§ **Problem requirements**
Only one stretch of the data should be retyped: the lines from the line containing "image for item" through the line containing "pagamos impuestos, pero". Keep pictures out of it.

§ **Provided data**
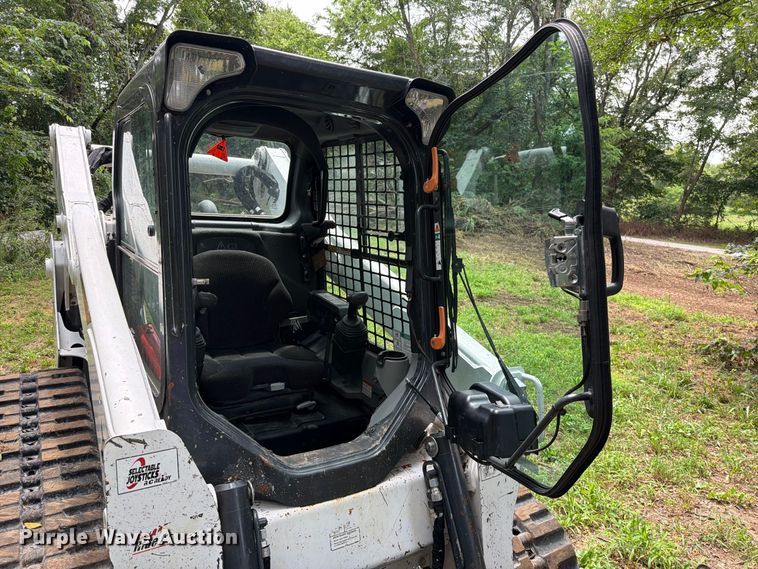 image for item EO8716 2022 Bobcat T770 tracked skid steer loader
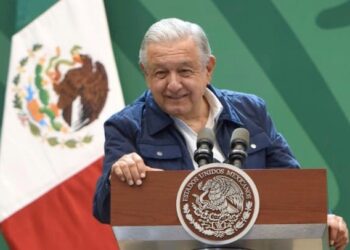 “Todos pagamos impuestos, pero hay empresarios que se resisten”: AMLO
==
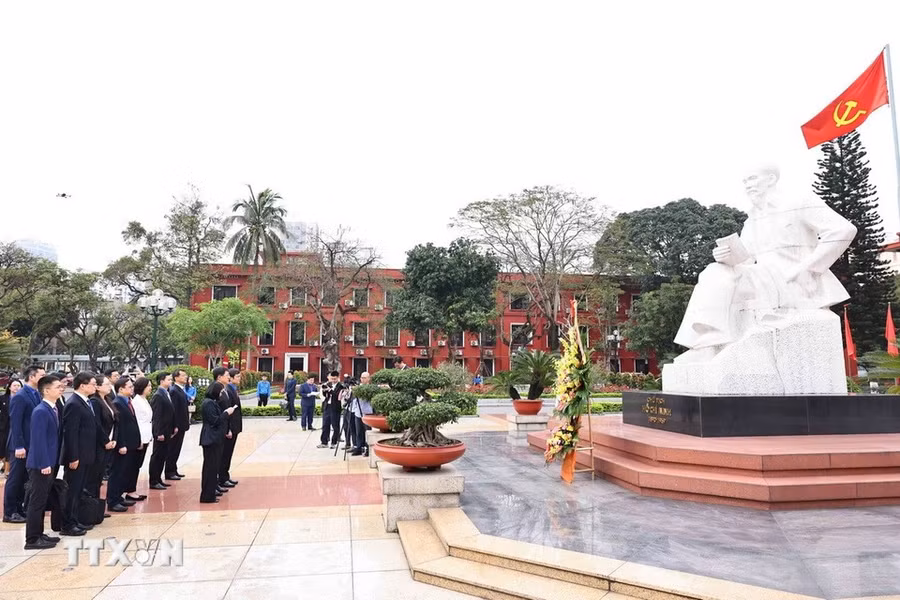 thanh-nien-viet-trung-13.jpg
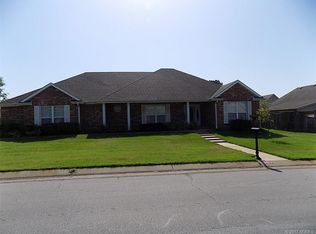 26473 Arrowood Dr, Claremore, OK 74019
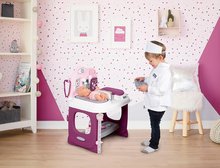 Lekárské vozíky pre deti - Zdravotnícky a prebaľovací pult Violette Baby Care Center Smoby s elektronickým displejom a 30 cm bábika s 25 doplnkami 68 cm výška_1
---
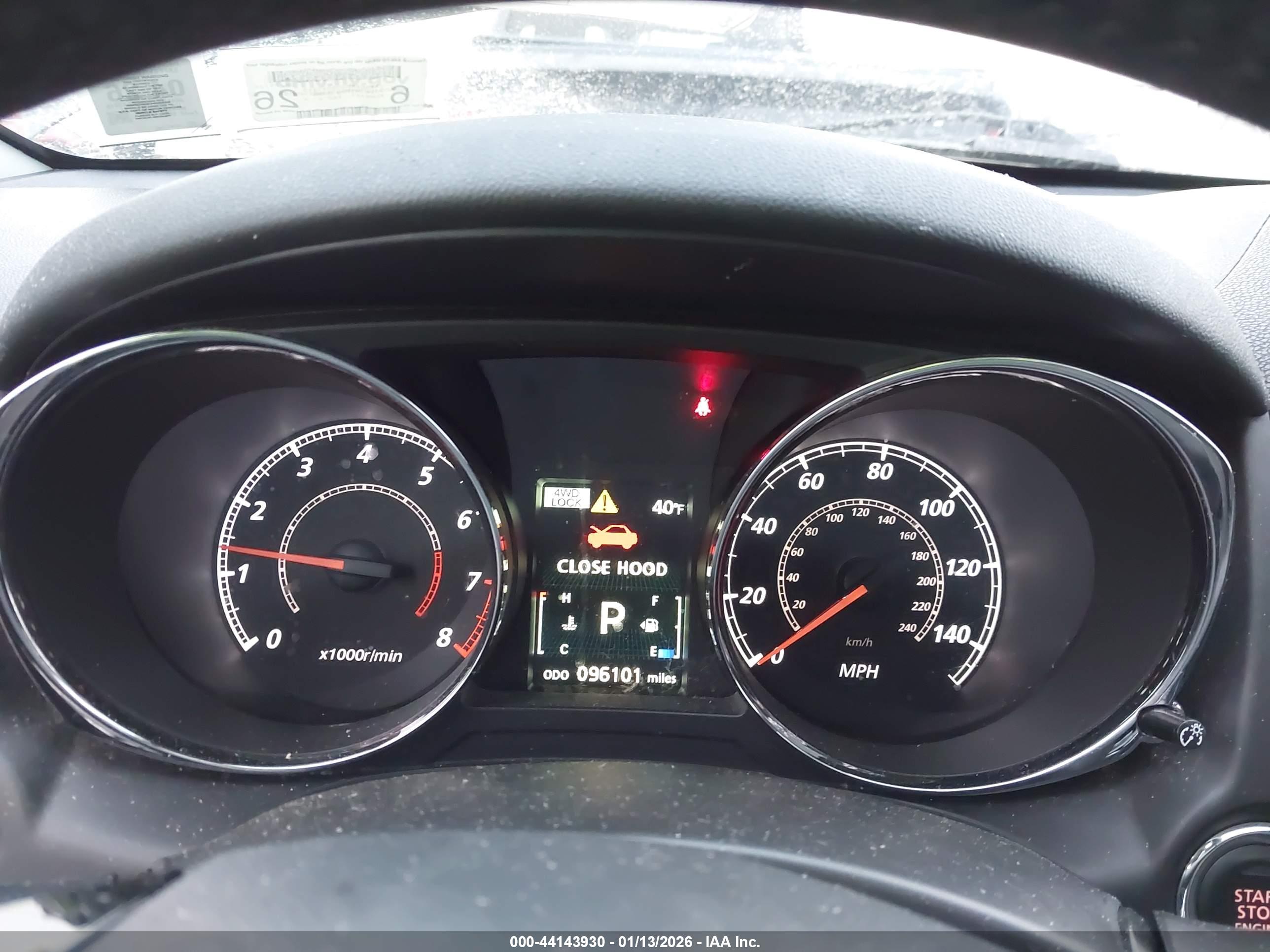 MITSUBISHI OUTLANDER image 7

§ **Solved problem**
 image for item EO8716 2022 Bobcat T770 tracked skid steer loader
 “Todos pagamos impuestos, pero hay empresarios que se resisten”: AMLO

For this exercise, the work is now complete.